I like that suggestion.  Package tests have been complaining about 
packages writing to .GlobalEnv for a while now, so there probably aren't 
many instances of b) in CRAN packages; that change might be relatively 
painless.


Duncan Murdoch



collectStrings <- function(list) {
     strings <- character() # to be populated by .collect
     .collect <- function(x) {
         if (is.list(x)) {
             lapply(x, .collect)
         } else if (is.character(x)) {
             strings <<- c(strings, x)
         }
         misspelledStrings <<- c(strings, names(x)) # oops, would like 
to be told about this error

         NULL
     }
     .collect(list)
     strings
}

This gives the incorrect:
 > collectStrings(list(i="One", ii=list(a=1, b="Two")))
[1] "One" "Two"
 > misspelledStrings
[1] "One" "Two" "i"   "ii"

instead of what we would get if 'misspelledStrings' were 'strings'.
 > collectStrings(list(i="One", ii=list(a=1, b="Two")))
[1] "One" "Two" "a"   "b"   "i"   "ii"

If someone really wanted to assign into .GlobalEnv the assign() function 
is available.


In S '<<-' only had meaning (b) and R added meaning (a).  Perhaps it is 
time to drop meaning (b).  We could start by triggering a warning about 
it if some environment variable were set, as is being done for 
non-scalar && and ||.


Bill Dunlap
TIBCO Software
wdunlap tibco.com 


On Sun, Aug 25, 2019 at 5:09 PM Duncan Murdoch > wrote:


On 25/08/2019 7:09 p.m., Cyclic Group Z_1 wrote:
 >
 >
 > This is a fair point; structuring functions into packages is
probably ultimately the gold standard for code organization in R.
However, lexical scoping in R is really not much different than in
other languages, such as Python, in which use of main functions and
defining other named functions outside of main are encouraged.
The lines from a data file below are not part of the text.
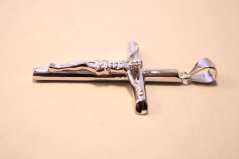 Strieborný moderný prívesok Ježiš na kríži, rhódium, 4,62g, 925/1000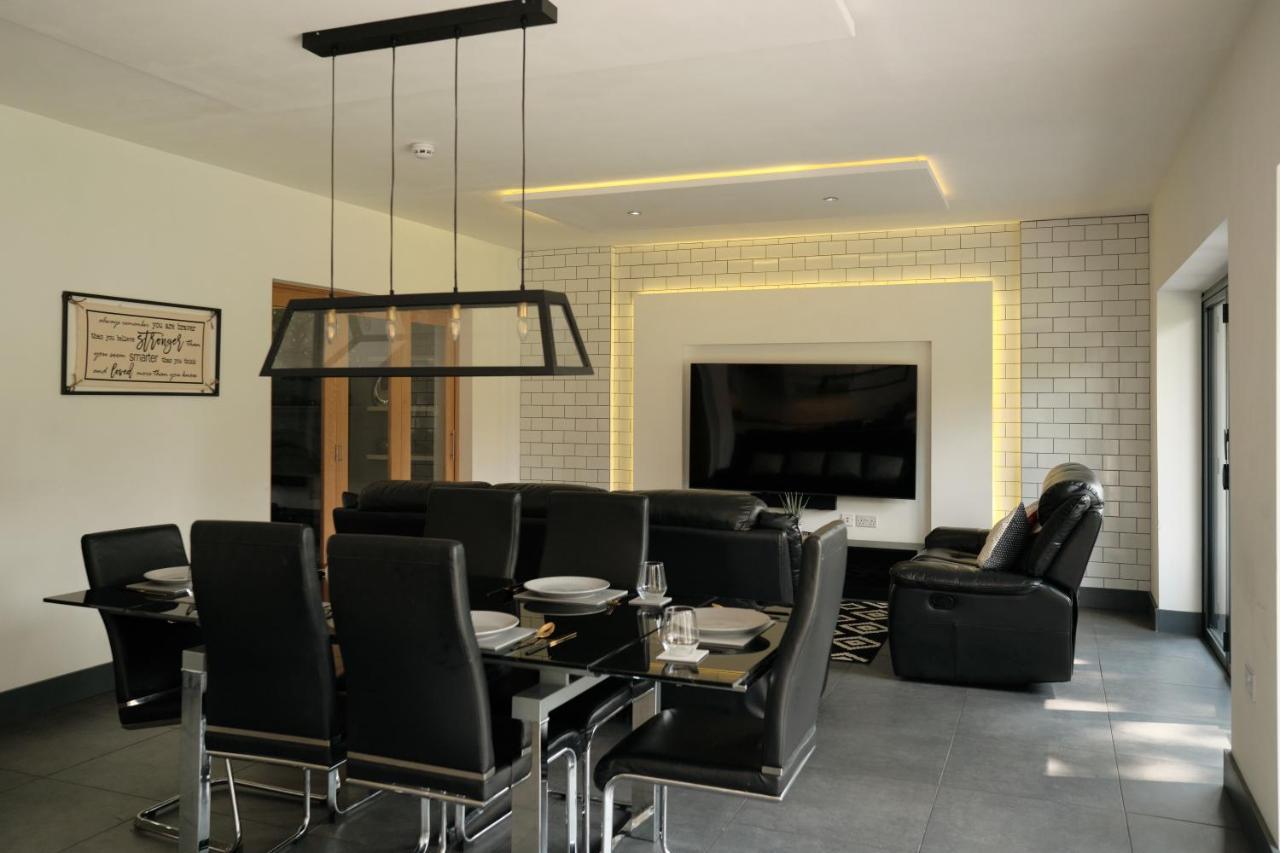 Modern Spacious House - Sleeps 16, Free Parking, Sun Terrace Nuneaton Kültér fotó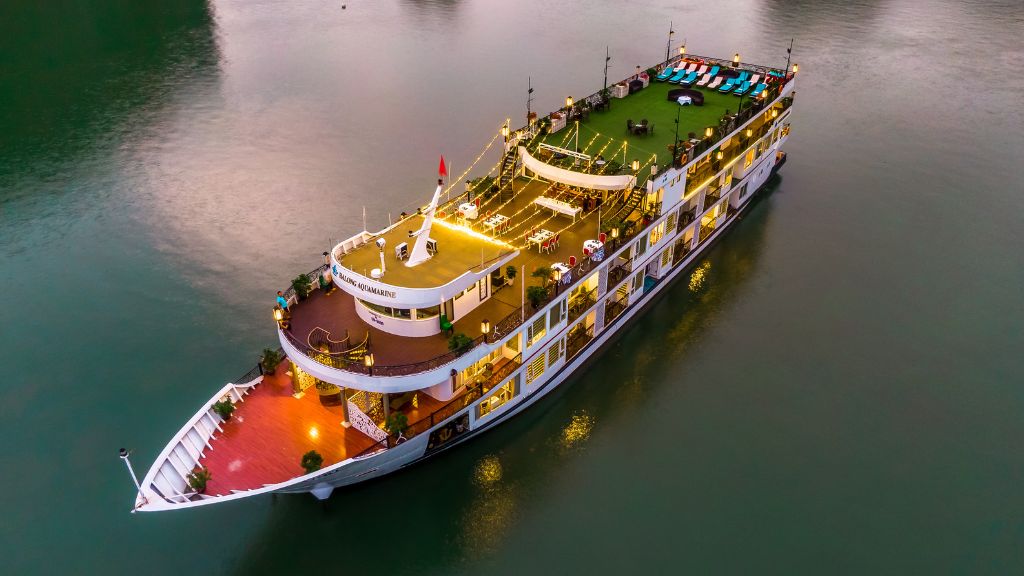 Du thuyền Verdure Lotus Grandeur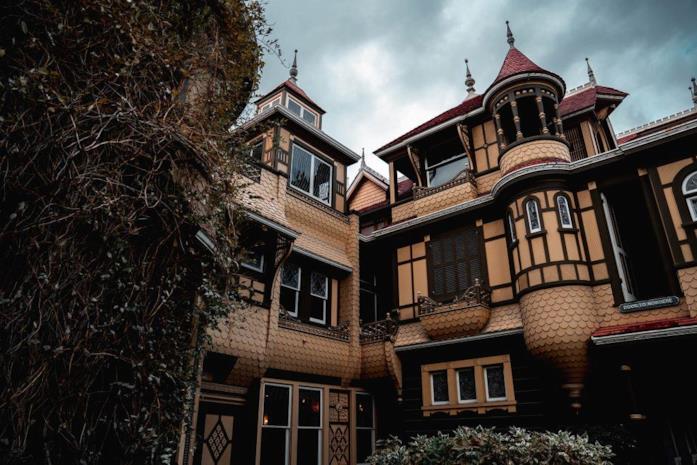Uno scorcio della Winchester Mystery House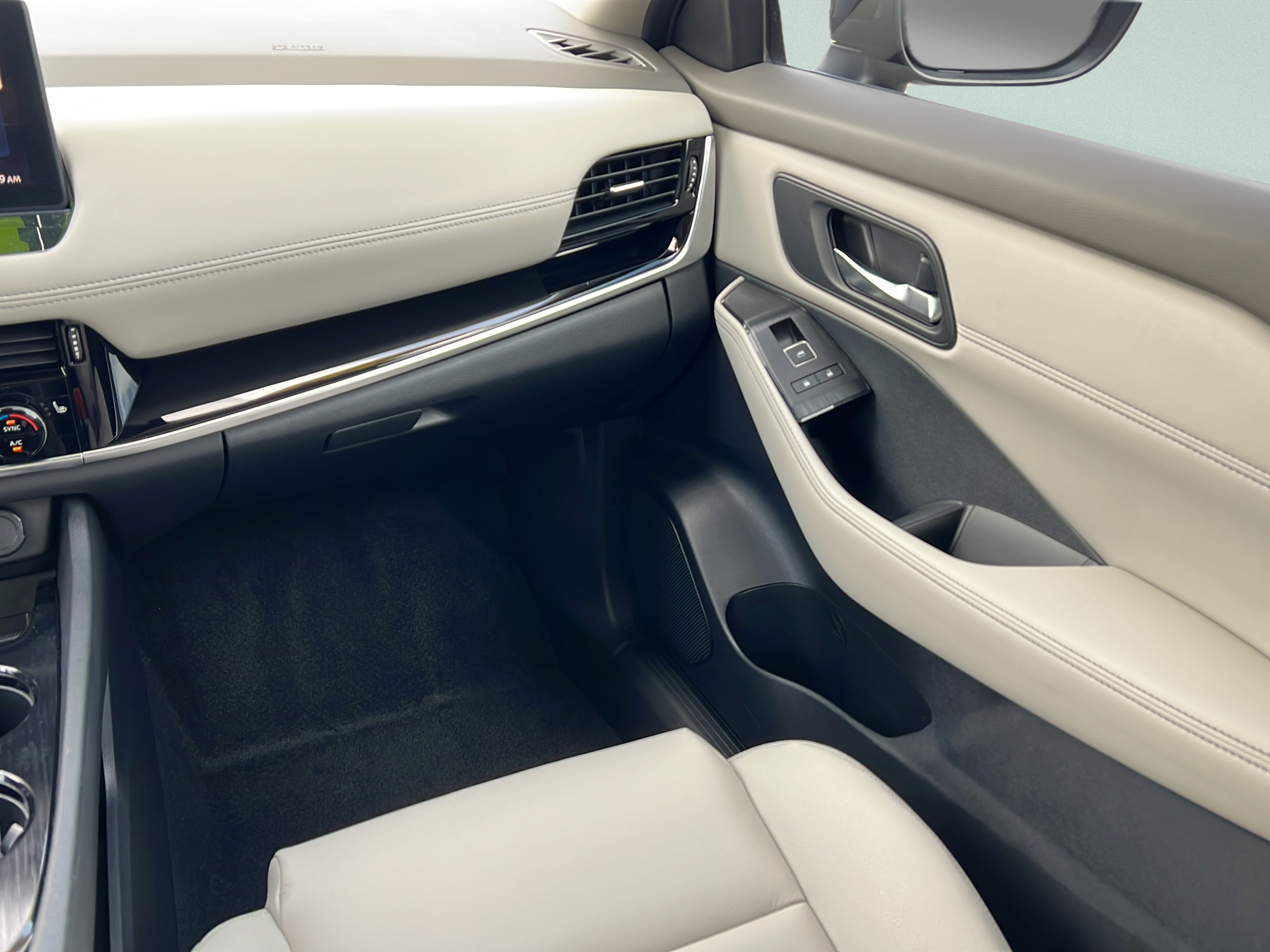 Used 2025 Nissan Rogue SL w/ SL Premium Package FWD image 15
For
example, in Scheme, from which R derives its scoping rules, the
community generally organizes code with almost exclusively functions
and few non-function global variables at top level. The common use
of globals in R seems to be mostly a consequence of historical
interactive use and, relatedly, an inherited practice from S.
 >
 > It is true, though, that since anonymous functions (such as in
lapply) play a large part in idiomatic R code, as you put it,
"[l]exical scoping means that all of the problems of global
variables are available to writers who use main()." Nevertheless,
using a main function with other functions defined outside it seems
like a good quick alternative that offers similar advantages to
making a package when functions are tightly coupled to the script
and the project may not be large or generalizable enough to warrant
making a package.
 >

I think the idea that making a package is too hard is just wrong.
Packages in R have lots of requirements, but nowadays there are tools
that make them easy.  Eleven years ago at UseR in Dortmund I wrote a
package during a 45 minute presentation, and things are much easier now.

If you make a complex project without putting most of the code into a
package, you don't have something that you will be able to modify in a
year or two, because you won't have proper documentation.

Scripts are for throwaways, not for anything worth keeping.